Cómo sacar el máximo de tu espacio de coworking

Si eres coworker, gestionas un espacio o simplemente te interesa el coworking, no puedes dejar de leer Deskmag.

Últimamente estamos teniendo muchas incorporaciones en coSfera y tanto para los nuevos miembros, como para los no tan nuevos y para los que estáis pensando en haceros coSféricos, el artículo How to get the most out of your coworking membership es, simplemente, genial, así que me he tomado la libertad de extractar y traducir los puntos clave del artículo, no sin dejar de insistir en que leáis el artículo completo en inglés.

Ser miembro de un espacio de coworking es una de las mejores inversiones que puedes hacer en tu carrera como freelance. Además de un espacio de trabajo profesional, obtienes un agenda social, muchas oportunidades de conectar y la posibilidad de intercambiar ideas con otros que piensan como tú. Pero ninguno de estos beneficios vienen solos. No asumas que puedes aparecer, sentarte en tu mesa y esperar que “la fiesta” venga a tí. Tiene algo más de trabajo. Así que, ¿cual es la diferencia entre compartir una oficina con extraños y realmente formar parte de una comunidad?

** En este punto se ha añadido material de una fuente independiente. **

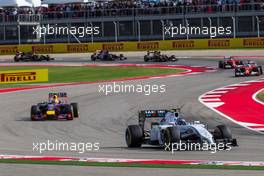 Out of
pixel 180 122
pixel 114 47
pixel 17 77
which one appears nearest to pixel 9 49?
pixel 114 47

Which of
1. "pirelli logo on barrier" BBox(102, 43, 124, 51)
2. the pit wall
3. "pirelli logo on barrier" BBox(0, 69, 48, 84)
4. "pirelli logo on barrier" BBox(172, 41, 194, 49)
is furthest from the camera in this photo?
"pirelli logo on barrier" BBox(102, 43, 124, 51)

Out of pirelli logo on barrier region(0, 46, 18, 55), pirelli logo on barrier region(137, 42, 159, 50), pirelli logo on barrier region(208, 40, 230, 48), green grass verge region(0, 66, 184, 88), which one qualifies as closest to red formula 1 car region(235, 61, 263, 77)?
green grass verge region(0, 66, 184, 88)

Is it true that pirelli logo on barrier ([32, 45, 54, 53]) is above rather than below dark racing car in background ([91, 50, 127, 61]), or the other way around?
above

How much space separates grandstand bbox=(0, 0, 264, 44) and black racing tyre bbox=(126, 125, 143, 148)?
133 feet

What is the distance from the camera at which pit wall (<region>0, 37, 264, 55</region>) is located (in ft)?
191

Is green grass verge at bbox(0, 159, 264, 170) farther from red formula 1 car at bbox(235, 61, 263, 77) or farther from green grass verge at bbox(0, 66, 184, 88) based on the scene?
red formula 1 car at bbox(235, 61, 263, 77)

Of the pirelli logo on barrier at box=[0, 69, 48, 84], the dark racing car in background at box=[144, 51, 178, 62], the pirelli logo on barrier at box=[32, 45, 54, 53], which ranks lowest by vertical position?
the pirelli logo on barrier at box=[0, 69, 48, 84]

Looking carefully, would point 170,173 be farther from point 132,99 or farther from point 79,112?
point 132,99

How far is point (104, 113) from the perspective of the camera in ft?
78.9

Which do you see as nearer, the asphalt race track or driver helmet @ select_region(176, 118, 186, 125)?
the asphalt race track

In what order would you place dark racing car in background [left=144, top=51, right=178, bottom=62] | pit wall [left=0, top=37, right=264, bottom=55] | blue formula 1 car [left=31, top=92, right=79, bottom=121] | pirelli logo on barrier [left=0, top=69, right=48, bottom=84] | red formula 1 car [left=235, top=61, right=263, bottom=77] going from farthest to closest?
pit wall [left=0, top=37, right=264, bottom=55]
dark racing car in background [left=144, top=51, right=178, bottom=62]
red formula 1 car [left=235, top=61, right=263, bottom=77]
pirelli logo on barrier [left=0, top=69, right=48, bottom=84]
blue formula 1 car [left=31, top=92, right=79, bottom=121]

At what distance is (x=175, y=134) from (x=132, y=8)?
47.8 metres

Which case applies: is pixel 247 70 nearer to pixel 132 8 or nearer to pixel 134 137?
pixel 134 137

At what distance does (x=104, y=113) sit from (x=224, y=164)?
11.5m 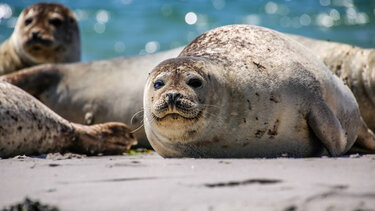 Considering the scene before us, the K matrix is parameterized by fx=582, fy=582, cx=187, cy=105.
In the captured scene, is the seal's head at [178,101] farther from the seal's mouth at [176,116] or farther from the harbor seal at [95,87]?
the harbor seal at [95,87]

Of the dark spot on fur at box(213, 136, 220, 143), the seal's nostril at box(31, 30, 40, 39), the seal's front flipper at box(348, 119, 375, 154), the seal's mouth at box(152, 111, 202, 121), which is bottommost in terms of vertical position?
the seal's front flipper at box(348, 119, 375, 154)

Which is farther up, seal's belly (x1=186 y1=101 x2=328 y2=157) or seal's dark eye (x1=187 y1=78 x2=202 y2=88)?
seal's dark eye (x1=187 y1=78 x2=202 y2=88)

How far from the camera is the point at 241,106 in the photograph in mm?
3758

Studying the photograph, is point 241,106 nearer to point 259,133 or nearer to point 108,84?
point 259,133

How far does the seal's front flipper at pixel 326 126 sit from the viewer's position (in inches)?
153

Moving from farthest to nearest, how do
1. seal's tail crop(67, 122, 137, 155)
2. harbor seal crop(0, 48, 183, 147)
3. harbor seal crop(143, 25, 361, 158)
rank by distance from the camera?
harbor seal crop(0, 48, 183, 147)
seal's tail crop(67, 122, 137, 155)
harbor seal crop(143, 25, 361, 158)

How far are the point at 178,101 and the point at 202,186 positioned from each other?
1.10 m

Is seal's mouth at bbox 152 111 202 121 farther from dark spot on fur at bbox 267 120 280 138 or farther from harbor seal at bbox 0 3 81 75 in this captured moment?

Deskmag hizo una única pregunta a varios gestores de espacios de coworking con mucho recorrido: ¿Cual es el consejo que le darías a un nuevo coworker para ayudarle a obtener lo máximo de su espacio de coworking? Todas las respuestas giraron alrededor de tres ideas fuerza: organiza eventos por tí mismo, escoge un espacio que vaya contigo y convierte en un hábito el conocer a otra gente.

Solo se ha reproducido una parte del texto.